Spuren des Hasses statt prächtiger Schätze

Nürnberger Sebalduskirche
© epd-bild/Jutta Olschewski
Das Weltgerichtsportal und das Marienkrönungsportal sind neben schmähenden Kunstwerken an der der Nürnberger Sebalduskirche zu sehen.
Spuren des Hasses statt prächtiger Schätze
Die Spottplastik der "Judensau" an der Wittenberger Stadtkirche hat für viel Aufregung gesorgt. Auch in Nürnberg gibt es eine solche Figur. Sie und andere schmähende Kunstwerke zeigt ein Pfarrer Gästen und Einheimischen bei einer speziellen Führung.
05.08.2019
epd
Daniel Schneider

Konzentriert blicken die Menschen an der Außenfassade der Sebalduskirche empor. "Sehen Sie die längliche Steinfigur?" fragt Axel Töllner die Umstehenden. Früher war er Gäste- und Touristenpfarrer für St. Sebald, jetzt ist er Beauftragter für christlich-jüdischen Dialog in der evangelisch-lutherischen Kirche in Bayern. "Das ist die Nürnberger Judensau, der absolute Tiefpunkt der europäischen Kunst."

Die Frauen und Männer um ihn herum betrachten das in etwa sieben Metern Höhe angebrachte steinerne Schwein. Zwei als Juden erkennbare Menschen saugen an den Zitzen des Tieres, ein dritter hält ihm eine Fressschale hin, ein weiterer fängt mit einem Topf Exkremente auf. "Unheilsspuren - Mittelalterliche Darstellungen von Juden in Nürnberger Kirchen" ist die Führung überschrieben, die Töllner leitet. Für ihn, der sich schon lange mit dem christlich-jüdischen Verhältnis beschäftigt, ist sie eine Herzensangelegenheit. Nun zeigt er den Interessierten judenfeindliche Bilder in Kirchenfenstern, Eingangsportalen und Altären.

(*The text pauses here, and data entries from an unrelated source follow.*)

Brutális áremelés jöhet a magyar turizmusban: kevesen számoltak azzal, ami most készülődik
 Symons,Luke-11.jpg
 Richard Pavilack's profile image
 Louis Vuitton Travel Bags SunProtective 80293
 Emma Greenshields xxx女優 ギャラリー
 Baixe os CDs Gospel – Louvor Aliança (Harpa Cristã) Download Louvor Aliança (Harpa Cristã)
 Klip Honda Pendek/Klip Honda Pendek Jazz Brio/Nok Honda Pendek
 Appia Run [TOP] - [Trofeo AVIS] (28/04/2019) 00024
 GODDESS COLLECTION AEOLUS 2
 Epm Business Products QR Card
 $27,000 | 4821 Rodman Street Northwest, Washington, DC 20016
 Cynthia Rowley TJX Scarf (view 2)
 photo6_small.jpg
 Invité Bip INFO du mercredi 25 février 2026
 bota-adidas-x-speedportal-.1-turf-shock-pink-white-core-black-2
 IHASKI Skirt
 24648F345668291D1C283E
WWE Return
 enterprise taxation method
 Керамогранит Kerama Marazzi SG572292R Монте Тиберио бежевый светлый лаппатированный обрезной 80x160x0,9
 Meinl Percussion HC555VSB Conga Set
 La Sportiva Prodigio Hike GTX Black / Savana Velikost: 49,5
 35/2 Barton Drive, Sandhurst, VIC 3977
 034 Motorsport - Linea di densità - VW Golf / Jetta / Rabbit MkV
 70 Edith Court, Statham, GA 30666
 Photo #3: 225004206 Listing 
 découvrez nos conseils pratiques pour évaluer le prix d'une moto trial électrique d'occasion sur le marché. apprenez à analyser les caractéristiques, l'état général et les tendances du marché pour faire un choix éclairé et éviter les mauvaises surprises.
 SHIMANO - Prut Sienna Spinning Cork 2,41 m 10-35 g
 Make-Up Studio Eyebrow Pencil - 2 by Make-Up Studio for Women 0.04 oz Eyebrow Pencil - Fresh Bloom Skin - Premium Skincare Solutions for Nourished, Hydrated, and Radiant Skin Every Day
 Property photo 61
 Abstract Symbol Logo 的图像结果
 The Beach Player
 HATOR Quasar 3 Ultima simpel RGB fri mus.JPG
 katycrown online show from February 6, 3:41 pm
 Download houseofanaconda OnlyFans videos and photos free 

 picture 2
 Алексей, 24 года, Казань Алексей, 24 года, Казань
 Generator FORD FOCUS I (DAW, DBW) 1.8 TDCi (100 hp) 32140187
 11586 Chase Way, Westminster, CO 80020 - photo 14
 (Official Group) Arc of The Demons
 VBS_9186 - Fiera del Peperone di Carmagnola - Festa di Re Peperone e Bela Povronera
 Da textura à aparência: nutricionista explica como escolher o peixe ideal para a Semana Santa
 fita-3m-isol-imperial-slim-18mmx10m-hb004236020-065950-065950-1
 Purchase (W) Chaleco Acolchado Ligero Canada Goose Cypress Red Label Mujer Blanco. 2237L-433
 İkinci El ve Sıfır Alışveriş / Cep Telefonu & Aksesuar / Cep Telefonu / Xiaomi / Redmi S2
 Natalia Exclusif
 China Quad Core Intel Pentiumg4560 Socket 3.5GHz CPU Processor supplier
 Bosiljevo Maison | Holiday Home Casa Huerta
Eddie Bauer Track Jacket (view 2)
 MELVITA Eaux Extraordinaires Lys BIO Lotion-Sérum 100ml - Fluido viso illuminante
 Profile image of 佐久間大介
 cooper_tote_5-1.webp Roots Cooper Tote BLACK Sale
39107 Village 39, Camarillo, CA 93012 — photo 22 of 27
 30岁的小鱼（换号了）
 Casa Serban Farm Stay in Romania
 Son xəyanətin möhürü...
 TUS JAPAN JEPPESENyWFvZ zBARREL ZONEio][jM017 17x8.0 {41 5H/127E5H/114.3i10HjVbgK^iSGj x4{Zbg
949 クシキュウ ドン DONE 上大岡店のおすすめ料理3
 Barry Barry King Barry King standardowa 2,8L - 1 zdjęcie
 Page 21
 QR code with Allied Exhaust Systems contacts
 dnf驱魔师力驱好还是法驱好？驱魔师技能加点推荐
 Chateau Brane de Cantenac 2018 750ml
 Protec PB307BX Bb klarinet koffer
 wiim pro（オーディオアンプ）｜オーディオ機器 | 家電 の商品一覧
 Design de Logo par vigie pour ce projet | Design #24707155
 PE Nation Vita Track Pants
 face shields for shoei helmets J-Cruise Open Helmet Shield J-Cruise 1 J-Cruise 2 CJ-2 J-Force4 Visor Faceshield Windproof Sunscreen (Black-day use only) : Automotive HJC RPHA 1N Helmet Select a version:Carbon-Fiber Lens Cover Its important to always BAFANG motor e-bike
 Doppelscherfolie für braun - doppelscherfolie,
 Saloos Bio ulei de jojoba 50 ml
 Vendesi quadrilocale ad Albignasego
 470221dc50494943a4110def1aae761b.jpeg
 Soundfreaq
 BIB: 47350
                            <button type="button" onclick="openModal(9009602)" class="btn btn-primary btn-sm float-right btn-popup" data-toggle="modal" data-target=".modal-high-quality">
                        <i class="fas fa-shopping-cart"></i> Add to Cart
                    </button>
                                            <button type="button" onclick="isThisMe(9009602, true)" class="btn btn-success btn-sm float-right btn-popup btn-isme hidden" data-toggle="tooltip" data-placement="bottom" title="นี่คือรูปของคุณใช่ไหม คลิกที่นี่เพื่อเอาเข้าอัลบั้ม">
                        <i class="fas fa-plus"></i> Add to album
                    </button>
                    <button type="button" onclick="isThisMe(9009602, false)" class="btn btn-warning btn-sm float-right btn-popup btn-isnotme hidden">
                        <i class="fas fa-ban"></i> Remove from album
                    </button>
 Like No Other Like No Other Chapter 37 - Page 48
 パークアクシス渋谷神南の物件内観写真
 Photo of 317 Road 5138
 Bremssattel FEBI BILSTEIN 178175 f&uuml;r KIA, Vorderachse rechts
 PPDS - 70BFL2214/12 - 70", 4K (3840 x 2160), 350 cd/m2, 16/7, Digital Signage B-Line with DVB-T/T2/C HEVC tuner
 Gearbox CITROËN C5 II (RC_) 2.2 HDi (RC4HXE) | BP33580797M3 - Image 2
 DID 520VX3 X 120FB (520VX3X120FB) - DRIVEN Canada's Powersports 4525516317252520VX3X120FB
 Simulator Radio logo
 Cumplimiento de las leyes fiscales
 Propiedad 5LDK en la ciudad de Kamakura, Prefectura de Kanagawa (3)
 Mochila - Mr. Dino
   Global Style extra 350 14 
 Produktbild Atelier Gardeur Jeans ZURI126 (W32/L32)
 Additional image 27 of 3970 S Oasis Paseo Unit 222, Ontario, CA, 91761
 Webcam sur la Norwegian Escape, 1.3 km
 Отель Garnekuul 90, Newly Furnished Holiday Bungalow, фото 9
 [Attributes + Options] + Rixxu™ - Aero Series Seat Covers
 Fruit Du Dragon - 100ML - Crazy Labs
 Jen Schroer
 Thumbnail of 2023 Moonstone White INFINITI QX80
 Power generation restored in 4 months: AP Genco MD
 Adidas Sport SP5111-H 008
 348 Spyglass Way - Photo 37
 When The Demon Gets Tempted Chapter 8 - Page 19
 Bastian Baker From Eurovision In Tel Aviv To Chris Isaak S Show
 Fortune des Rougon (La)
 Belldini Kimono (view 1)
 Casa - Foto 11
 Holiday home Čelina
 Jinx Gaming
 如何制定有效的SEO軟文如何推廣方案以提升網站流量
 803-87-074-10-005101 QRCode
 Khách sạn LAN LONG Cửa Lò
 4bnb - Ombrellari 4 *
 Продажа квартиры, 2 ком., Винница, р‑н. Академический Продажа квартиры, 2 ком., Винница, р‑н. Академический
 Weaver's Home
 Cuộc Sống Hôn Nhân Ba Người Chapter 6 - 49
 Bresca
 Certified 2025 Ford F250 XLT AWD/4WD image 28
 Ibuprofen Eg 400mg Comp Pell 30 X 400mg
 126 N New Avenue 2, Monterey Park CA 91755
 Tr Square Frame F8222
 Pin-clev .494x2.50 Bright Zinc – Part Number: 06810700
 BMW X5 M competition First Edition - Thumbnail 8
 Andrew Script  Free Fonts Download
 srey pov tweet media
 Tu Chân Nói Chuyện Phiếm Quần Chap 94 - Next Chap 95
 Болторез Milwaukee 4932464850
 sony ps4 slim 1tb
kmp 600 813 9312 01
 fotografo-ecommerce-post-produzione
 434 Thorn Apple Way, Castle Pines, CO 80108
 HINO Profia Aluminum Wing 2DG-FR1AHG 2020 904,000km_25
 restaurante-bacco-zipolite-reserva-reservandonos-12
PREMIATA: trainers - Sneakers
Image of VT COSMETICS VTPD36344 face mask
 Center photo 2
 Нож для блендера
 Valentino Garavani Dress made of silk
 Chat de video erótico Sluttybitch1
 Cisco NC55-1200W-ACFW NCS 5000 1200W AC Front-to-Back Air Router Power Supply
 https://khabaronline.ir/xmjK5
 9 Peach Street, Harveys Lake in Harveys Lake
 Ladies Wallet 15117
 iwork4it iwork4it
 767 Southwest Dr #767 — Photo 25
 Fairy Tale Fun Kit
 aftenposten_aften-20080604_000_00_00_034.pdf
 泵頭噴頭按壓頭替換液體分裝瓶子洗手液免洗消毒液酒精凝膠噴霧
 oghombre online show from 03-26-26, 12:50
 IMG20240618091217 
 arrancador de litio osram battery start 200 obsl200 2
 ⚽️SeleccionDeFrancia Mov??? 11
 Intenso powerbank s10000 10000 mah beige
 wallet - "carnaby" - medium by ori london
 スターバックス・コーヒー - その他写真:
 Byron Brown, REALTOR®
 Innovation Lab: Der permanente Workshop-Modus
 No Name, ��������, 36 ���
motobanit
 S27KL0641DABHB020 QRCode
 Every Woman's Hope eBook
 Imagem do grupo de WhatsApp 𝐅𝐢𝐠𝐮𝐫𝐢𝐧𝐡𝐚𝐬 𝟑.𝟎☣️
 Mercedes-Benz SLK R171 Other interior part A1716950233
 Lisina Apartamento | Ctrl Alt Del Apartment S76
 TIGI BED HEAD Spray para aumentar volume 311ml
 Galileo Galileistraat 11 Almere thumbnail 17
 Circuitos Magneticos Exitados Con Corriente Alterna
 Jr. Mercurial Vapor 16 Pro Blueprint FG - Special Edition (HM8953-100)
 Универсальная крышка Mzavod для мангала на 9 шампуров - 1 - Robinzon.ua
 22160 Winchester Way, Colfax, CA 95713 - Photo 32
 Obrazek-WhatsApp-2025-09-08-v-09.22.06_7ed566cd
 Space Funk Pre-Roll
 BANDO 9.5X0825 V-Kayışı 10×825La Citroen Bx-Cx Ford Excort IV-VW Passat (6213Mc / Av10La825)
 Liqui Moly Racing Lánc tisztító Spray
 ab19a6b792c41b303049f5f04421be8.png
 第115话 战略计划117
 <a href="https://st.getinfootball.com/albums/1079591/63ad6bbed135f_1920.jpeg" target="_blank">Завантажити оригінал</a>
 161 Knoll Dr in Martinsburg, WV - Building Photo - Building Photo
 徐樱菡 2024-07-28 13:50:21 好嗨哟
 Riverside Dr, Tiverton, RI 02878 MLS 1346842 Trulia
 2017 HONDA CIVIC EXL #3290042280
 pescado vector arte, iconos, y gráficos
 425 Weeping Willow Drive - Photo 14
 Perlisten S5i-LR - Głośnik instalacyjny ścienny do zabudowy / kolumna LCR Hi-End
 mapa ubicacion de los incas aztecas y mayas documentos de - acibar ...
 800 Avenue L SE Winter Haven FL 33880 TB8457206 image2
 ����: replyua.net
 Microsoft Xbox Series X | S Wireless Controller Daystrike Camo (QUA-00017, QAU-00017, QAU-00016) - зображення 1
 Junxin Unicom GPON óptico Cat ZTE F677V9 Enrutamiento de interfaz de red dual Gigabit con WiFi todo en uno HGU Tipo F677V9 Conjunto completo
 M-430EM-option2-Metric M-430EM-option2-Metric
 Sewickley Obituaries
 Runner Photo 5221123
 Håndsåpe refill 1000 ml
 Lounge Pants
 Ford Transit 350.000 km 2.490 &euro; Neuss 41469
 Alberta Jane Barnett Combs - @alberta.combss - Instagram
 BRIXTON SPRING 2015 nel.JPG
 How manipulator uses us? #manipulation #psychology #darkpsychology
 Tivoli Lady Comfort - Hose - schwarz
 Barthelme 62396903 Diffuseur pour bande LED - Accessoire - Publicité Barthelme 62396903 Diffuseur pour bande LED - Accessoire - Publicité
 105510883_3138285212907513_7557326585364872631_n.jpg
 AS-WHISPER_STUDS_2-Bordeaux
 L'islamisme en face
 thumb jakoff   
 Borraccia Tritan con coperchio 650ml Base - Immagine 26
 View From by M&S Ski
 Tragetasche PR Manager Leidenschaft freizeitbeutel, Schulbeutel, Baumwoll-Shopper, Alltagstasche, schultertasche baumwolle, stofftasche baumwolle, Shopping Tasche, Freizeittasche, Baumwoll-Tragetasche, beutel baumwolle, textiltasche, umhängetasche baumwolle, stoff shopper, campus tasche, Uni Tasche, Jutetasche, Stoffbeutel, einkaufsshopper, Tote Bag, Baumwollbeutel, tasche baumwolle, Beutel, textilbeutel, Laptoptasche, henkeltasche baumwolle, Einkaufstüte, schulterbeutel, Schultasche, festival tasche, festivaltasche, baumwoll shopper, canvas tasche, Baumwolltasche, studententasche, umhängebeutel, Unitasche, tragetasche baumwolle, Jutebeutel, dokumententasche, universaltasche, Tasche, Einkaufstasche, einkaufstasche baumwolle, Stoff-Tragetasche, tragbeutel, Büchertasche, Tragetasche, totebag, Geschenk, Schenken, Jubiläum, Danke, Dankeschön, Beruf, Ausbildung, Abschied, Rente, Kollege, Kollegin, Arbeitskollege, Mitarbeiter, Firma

Hetzbilder schon früh verankert

Dass die Nachfrage so groß sei, habe er nicht erwartet. "Die Führung war schon nach kurzer Zeit ausgebucht", erklärt Töllner nach der ersten Veranstaltung im Frühjahr. Mit dem Thema scheint er also einen Nerv getroffen zu haben. "Über die Judenfeindlichkeit im 20. Jahrhundert weiß ich durch das Dokumentationszentrum Reichsparteitagsgelände ganz gut Bescheid", erläutert als Besucher der 28-jährige Martin seine Motivation. "Aber dass es Antisemitismus auch in Kirchen gibt, wusste ich bis jetzt noch gar nicht."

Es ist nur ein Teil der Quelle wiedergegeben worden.